Peneliti Alpha Research Database Ferdy Hasiman mengatakan, kenaikan harga BBM nonsubsidi merupakan imbas dari kebijakan pemerintah, alias bukan kewenangan perusahaan. Ia menilai, penaikan tarif PBBKB tidak tepat dijadikan strategi untuk meningkatkan pendapatan daerah.
“Kalau ingin meningkatkan pendapatan, jangan BBM yang jadi sasaran. Jadi enggak usah bikin kebijakan yang menyusahkan rakyat,” tutur Ferdy dalam keterangan tertulis, Senin (19/2). Ia menyebut kebijakan tersebut kontradiktif dengan upaya meningkatkan kesejahteraan masyarakat.

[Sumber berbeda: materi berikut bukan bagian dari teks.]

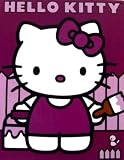 Hello Kitty Purple Soft Blanket 40in x 50in - Royal Plush - Sanrio Blanket Hello Kitty - Hello Kitty Blanket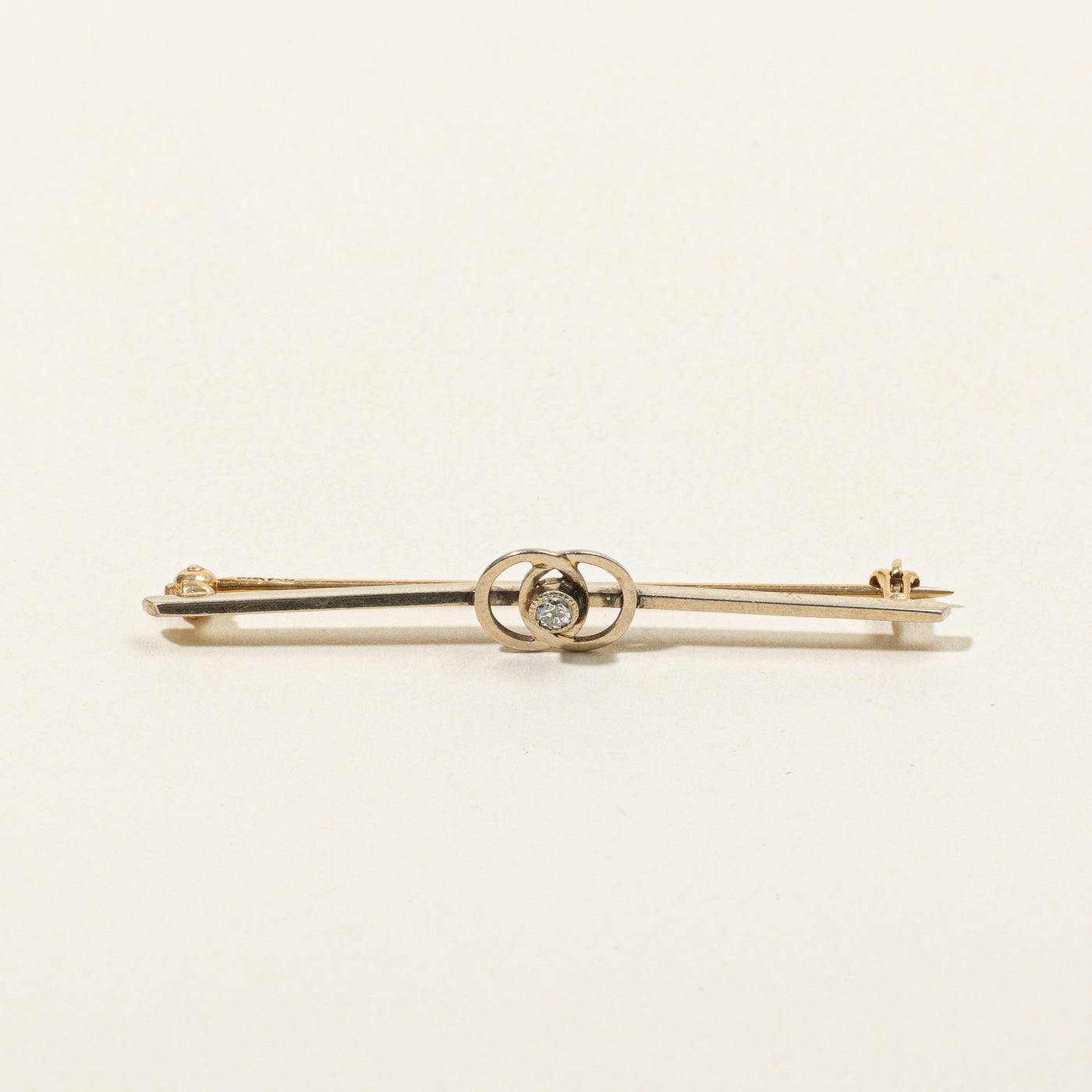 Old European Cut Diamond Brooch | 0.05ct |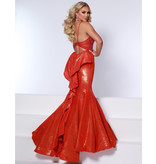 Tank v-neck fitted mermaid w/ruffle open back 20126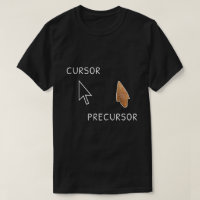 Cursor Precursor Archaeology Arrowhead Funny Paleo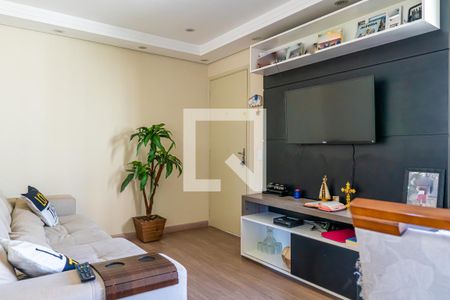 Sala de apartamento à venda com 3 quartos, 74m² em Conjunto Habitacional Vila Santana (sousas), Campinas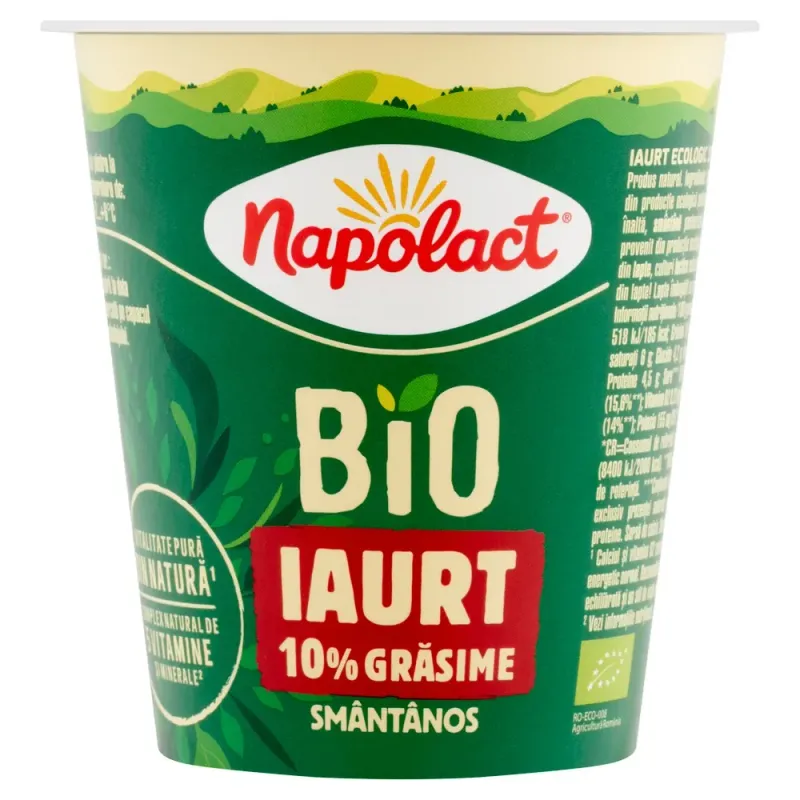 Iaurt smantanos BIO Napolact, 140 g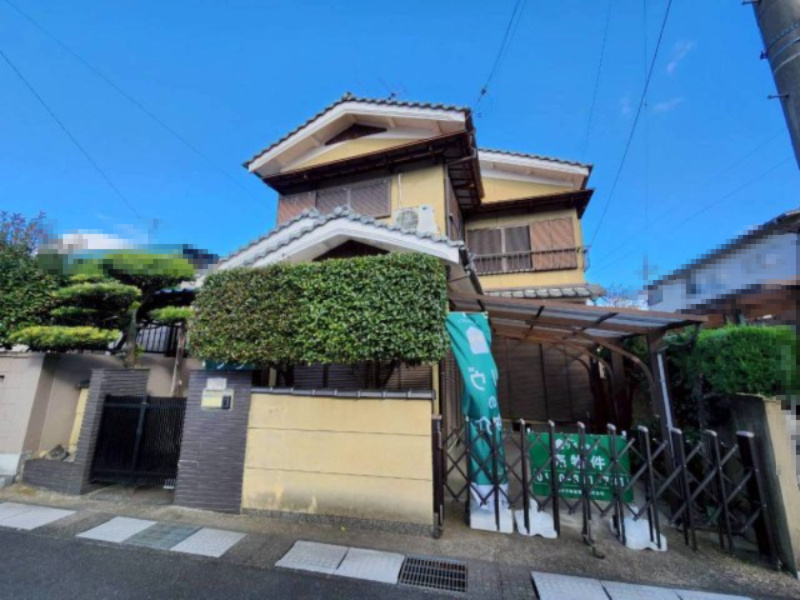 【価格改定】長岡京市今里川原　の外観|現況：上物あり
内覧も可能です。お気軽にご連絡ください！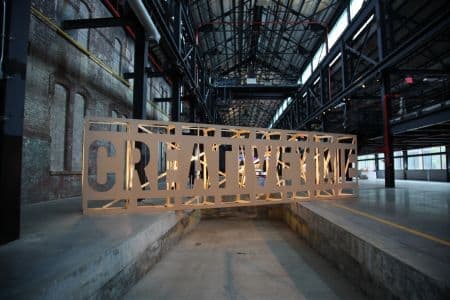 CNC Cut Signage for Creative Time Event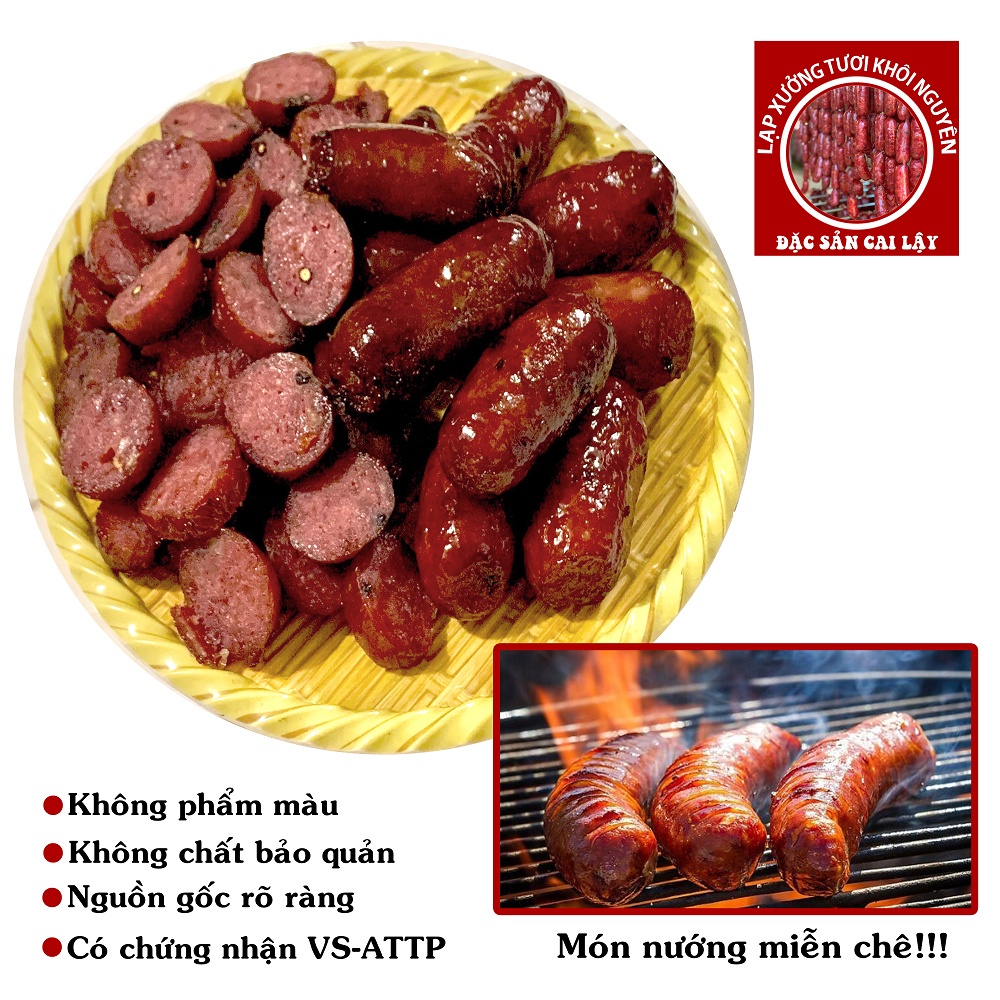 Lạp xưởng, lạp xưởng tươi truyền thống 80% nạc 500gr
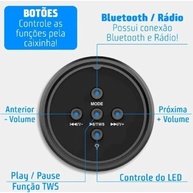 Caixinha de Som Bluetooth 10W com LED RGB: Potência e Festa em Qualquer Lugar! - imagem 5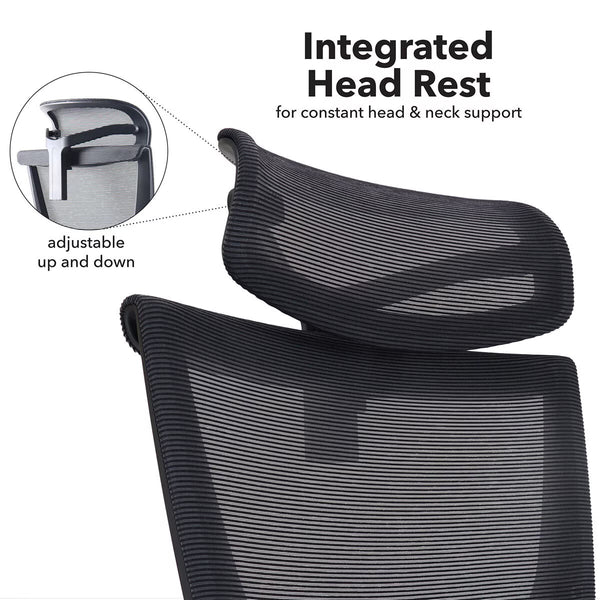 Elise Mesh Operator Chair with Adjustable Headrest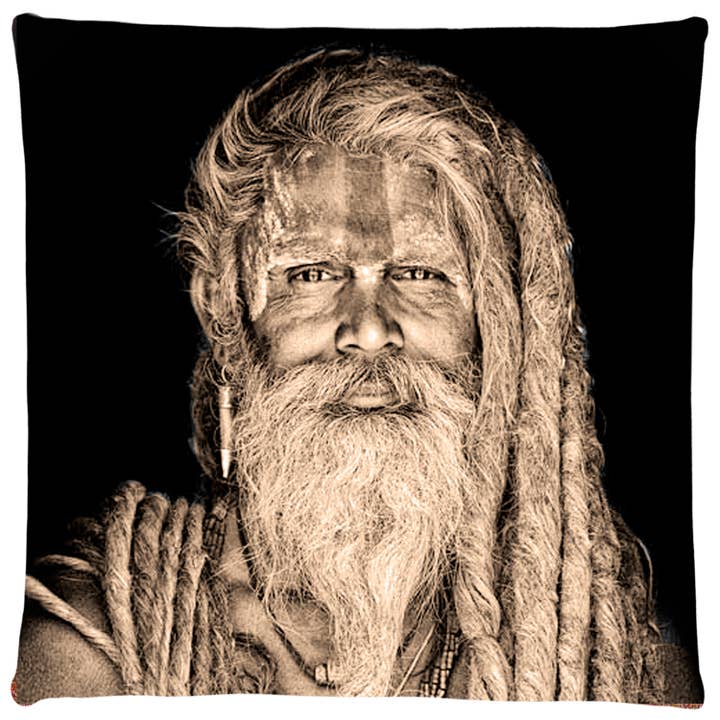 Gangadas Baba de Mario Gerth | Wallhanging | Étnico por atacado de FS Home Collections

Jika disparitas harga BBM melebar, Ferdy khawatir akan terjadi perlambatan laju perekonomian akibat kenaikan PBBKB, serta peralihan penggunaan BBM nonsubsidi ke BBM subsidi. “Masyarakat sudah kesulitan cari duit, nanti perekonomiannya seperti apa? Seharusnya kebijakan publik itu harus berpihak ke rakyat,” kata dia.
Sementara itu, Direktur Jenderal Minyak dan Gas Bumi Kementerian Energi dan Sumber Daya Mineral Tutuka Ariadji meminta kenaikan tarif PBBKB ditunda. Ia menilai perubahan tarif PBBKB kurang disosialisasikan kepada masyarakat.
Belum lagi ada potensi masalah sosial yang dapat timbul dari perubahan tarif tersebut. “Jadi kami mengimbau itu betul-betul diperhatikan oleh pemda setempat,” ucap Tutuka.
Pihaknya pun telah mendiskusikan masalah ini dengan Kementerian Dalam Negeri dan Kementerian Keuangan. “Karena itu berhubungan dengan sektor kami, sektor migas dalam mendistribusikan BBM,” ujar dia.